*DIRECTIONS*: Look through the records below for the line with "Hoa hậu Tiểu". Return that line and each one after it up to and including the line with "281025 1991 Jaguar XJS Fuel System 34", exactly.

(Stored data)

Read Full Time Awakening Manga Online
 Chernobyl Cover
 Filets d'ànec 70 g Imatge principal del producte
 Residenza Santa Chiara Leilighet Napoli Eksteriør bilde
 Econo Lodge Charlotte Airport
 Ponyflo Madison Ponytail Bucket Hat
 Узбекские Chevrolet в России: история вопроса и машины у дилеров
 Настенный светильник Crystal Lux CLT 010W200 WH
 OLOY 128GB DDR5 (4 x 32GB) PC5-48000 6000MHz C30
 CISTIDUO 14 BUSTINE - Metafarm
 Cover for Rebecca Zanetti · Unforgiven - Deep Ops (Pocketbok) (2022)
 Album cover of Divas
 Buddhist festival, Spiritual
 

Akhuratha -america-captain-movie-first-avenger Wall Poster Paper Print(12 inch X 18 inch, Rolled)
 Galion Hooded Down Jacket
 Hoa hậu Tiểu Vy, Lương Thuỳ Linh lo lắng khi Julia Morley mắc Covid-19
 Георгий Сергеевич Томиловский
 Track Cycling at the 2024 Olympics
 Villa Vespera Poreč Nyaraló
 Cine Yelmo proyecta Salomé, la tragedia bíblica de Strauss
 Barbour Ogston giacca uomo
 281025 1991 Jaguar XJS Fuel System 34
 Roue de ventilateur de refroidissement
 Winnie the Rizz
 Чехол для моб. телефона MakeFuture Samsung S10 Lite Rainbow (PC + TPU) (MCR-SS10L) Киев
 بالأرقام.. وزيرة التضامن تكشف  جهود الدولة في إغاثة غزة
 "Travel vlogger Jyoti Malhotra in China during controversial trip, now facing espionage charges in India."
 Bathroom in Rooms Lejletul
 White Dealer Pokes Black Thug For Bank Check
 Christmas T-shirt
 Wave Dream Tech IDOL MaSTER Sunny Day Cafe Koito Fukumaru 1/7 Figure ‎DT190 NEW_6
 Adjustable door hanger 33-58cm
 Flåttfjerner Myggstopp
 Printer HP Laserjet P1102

*YOUR RESPONSE*:
 Hoa hậu Tiểu Vy, Lương Thuỳ Linh lo lắng khi Julia Morley mắc Covid-19
 Георгий Сергеевич Томиловский
 Track Cycling at the 2024 Olympics
 Villa Vespera Poreč Nyaraló
 Cine Yelmo proyecta Salomé, la tragedia bíblica de Strauss
 Barbour Ogston giacca uomo
 281025 1991 Jaguar XJS Fuel System 34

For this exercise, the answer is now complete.